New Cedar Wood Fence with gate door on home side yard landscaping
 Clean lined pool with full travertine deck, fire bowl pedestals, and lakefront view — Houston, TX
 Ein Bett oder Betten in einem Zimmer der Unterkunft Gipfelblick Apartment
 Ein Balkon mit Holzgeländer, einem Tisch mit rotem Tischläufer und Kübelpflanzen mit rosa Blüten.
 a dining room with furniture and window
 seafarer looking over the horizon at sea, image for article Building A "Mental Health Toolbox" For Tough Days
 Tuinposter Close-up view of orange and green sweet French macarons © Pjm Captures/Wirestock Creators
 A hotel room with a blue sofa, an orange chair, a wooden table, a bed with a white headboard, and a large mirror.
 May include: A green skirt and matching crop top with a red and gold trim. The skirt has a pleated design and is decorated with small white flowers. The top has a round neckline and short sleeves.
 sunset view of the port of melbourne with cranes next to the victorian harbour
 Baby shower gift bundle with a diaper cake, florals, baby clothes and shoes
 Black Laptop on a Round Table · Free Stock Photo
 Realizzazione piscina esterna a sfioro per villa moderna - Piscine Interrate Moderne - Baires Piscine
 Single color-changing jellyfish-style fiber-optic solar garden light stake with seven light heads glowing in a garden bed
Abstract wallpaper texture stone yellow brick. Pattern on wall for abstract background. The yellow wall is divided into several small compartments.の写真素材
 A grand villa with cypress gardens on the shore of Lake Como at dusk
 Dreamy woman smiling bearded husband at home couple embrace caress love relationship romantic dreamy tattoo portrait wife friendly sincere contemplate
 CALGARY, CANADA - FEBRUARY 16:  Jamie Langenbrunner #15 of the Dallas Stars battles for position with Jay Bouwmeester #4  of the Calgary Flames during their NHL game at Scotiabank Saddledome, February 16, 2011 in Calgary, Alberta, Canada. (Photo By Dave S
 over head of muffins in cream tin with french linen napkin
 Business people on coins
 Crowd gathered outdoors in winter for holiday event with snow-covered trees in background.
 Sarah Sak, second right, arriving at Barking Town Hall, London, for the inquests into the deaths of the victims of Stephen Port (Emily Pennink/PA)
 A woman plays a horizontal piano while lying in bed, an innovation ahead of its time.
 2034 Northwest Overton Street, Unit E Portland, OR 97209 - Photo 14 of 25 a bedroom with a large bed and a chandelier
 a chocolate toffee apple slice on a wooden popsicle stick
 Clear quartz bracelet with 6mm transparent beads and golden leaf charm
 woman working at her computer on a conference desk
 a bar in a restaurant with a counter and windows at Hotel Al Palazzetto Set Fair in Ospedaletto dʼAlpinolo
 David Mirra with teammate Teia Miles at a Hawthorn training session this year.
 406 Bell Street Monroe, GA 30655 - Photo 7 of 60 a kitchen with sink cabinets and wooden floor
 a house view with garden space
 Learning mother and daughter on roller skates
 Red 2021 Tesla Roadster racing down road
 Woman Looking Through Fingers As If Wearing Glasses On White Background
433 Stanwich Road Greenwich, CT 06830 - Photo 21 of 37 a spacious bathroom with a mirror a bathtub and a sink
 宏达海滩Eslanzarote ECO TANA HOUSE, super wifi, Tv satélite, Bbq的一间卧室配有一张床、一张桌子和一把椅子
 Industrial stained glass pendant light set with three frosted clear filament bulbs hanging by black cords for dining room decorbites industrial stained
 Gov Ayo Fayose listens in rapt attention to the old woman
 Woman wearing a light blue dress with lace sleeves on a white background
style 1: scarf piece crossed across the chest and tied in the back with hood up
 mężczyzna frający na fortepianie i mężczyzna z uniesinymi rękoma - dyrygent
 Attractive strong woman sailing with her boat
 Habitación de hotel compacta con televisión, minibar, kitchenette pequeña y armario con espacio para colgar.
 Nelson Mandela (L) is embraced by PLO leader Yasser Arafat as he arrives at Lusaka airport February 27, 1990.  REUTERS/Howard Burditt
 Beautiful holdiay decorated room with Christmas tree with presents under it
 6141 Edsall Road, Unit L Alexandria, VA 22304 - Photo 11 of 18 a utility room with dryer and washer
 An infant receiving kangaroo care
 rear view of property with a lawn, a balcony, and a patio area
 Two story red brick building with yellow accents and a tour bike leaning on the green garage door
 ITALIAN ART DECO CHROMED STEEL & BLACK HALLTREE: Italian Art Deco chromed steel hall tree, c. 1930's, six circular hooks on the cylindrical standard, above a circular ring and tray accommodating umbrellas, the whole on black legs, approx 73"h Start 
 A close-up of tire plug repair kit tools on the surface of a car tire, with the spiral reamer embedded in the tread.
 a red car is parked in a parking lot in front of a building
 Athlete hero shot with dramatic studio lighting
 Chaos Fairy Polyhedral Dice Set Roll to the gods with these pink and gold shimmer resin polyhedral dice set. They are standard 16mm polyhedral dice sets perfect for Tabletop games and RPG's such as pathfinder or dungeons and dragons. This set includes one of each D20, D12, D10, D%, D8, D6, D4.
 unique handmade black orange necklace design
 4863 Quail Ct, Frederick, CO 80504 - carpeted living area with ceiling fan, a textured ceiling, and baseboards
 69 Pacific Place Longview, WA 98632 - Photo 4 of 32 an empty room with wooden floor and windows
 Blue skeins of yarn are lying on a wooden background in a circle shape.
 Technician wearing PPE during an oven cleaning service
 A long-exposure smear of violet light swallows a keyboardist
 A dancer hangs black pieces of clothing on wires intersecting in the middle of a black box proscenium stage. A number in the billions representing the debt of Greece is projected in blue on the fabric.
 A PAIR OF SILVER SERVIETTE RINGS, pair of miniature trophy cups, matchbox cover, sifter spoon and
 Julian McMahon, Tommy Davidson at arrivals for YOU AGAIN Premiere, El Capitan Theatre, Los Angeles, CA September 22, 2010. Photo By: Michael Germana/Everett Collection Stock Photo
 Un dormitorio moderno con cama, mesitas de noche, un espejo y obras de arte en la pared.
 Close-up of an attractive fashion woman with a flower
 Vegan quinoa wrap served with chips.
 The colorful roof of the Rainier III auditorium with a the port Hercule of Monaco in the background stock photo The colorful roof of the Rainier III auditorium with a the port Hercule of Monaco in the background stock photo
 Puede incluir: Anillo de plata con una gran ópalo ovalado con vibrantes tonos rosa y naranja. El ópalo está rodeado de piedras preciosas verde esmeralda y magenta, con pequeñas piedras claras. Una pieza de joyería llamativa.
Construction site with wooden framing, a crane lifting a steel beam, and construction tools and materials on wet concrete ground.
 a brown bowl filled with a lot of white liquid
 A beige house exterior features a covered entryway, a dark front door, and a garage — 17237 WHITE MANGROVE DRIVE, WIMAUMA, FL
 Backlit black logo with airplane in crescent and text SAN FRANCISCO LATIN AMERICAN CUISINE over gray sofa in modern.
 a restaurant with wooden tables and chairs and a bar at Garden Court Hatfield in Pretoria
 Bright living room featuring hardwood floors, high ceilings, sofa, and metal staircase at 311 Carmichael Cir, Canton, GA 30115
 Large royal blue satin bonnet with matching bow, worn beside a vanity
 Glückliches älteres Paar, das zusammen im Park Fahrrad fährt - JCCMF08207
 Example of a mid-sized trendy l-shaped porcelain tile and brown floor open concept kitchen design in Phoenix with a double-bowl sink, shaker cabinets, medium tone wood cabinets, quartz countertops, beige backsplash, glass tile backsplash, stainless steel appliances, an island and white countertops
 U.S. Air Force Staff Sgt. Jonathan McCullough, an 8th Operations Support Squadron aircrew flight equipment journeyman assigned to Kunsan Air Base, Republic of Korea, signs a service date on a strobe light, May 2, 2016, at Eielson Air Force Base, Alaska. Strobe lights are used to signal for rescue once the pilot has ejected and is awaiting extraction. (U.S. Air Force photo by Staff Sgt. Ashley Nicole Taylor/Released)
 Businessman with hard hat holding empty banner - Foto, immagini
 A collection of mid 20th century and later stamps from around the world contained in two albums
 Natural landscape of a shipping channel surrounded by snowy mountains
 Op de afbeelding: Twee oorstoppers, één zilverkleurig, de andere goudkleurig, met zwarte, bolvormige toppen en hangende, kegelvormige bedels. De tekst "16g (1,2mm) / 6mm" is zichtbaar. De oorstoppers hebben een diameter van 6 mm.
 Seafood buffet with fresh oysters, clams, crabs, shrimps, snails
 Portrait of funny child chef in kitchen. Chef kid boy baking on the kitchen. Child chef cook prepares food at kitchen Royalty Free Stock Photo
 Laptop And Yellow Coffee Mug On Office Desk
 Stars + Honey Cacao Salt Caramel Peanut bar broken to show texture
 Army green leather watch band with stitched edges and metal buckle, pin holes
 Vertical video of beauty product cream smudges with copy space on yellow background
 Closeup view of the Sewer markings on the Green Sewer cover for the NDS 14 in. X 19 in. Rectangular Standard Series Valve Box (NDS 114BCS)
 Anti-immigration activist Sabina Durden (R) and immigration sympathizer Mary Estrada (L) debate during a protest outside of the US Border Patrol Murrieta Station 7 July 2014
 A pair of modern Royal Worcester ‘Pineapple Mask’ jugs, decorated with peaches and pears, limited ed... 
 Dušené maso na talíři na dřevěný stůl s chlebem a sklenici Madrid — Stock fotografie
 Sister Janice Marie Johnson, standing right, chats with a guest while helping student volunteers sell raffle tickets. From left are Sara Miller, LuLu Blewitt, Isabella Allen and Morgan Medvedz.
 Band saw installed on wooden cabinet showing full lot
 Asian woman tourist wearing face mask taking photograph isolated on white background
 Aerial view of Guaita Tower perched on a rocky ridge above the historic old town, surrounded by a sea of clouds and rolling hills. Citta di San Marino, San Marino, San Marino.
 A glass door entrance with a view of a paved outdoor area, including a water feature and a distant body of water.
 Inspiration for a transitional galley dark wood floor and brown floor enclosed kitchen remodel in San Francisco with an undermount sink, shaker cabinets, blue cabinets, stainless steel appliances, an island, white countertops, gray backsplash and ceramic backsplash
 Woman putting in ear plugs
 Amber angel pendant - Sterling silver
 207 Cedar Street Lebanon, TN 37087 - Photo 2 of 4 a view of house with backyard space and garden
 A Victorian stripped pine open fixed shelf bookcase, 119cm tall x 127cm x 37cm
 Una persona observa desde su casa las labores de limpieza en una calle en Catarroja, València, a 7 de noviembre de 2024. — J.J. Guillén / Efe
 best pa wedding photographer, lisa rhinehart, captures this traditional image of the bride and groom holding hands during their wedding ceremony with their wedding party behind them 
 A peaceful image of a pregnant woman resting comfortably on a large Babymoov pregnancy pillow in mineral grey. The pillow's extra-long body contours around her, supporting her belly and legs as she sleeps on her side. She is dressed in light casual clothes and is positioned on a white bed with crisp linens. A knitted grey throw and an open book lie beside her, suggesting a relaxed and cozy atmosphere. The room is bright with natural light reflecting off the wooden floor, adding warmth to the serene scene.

§ Your objective
All lines above from the line with "a chocolate toffee" through the line with "a house view with garden space", both included, are to be set down exactly, with nothing else.

§ Solution to this problem
 a chocolate toffee apple slice on a wooden popsicle stick
 Clear quartz bracelet with 6mm transparent beads and golden leaf charm
 woman working at her computer on a conference desk
 a bar in a restaurant with a counter and windows at Hotel Al Palazzetto Set Fair in Ospedaletto dʼAlpinolo
 David Mirra with teammate Teia Miles at a Hawthorn training session this year.
 406 Bell Street Monroe, GA 30655 - Photo 7 of 60 a kitchen with sink cabinets and wooden floor
 a house view with garden space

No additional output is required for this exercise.